### ABOUT THIS EXERCISE
Exactly the lines below, starting with the one containing "How many of" and going on through the one containing "FRA Tee Frankfurt", must be reproduced, both ends included, and no pictures with them.

### EXERCISE INPUT
*** Begin section ***
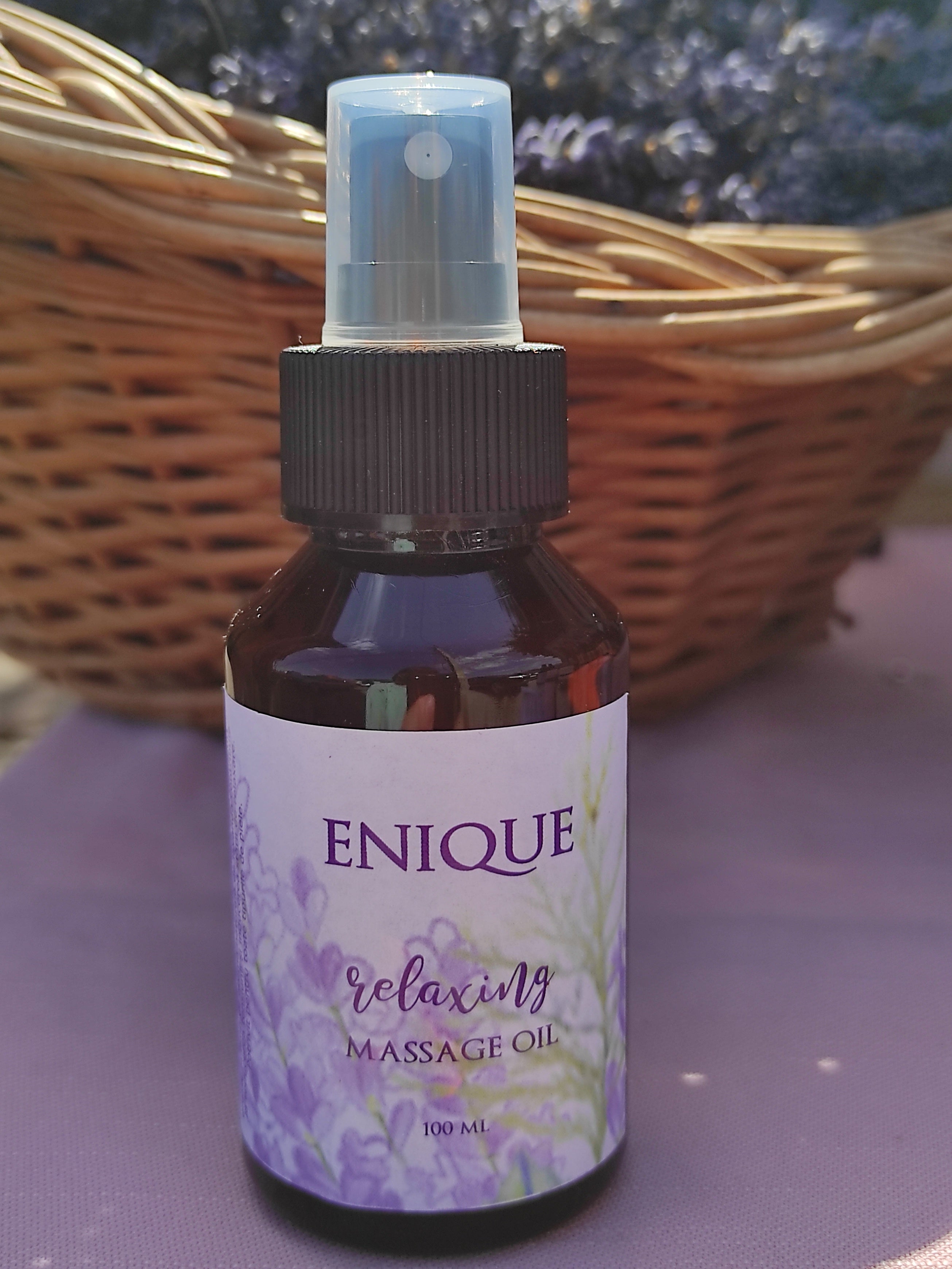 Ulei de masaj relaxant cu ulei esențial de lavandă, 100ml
*** End section ***
*** Begin section ***
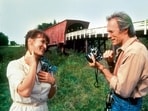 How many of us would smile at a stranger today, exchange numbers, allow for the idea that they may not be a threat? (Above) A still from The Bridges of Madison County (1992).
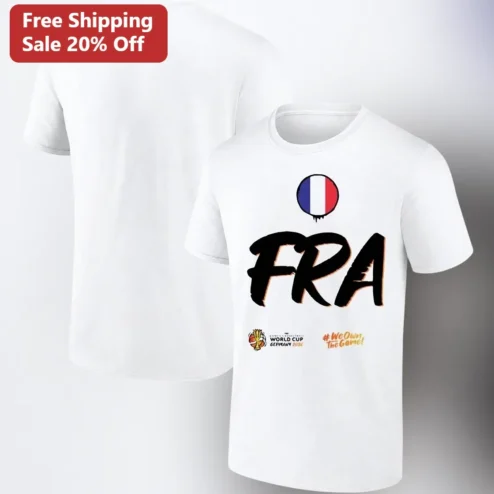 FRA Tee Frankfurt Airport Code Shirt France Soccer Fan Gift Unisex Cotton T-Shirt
*** End section ***
*** Begin section ***
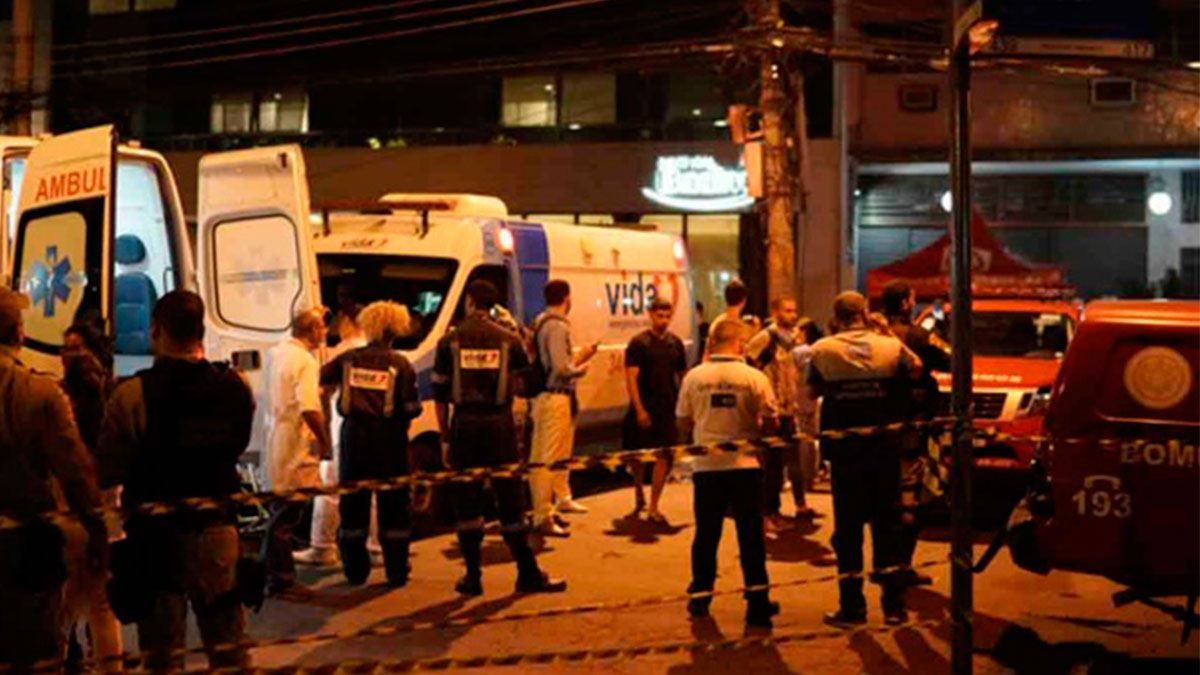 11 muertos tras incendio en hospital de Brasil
*** End section ***
### THE ANSWER
 How many of us would smile at a stranger today, exchange numbers, allow for the idea that they may not be a threat? (Above) A still from The Bridges of Madison County (1992).
 FRA Tee Frankfurt Airport Code Shirt France Soccer Fan Gift Unisex Cotton T-Shirt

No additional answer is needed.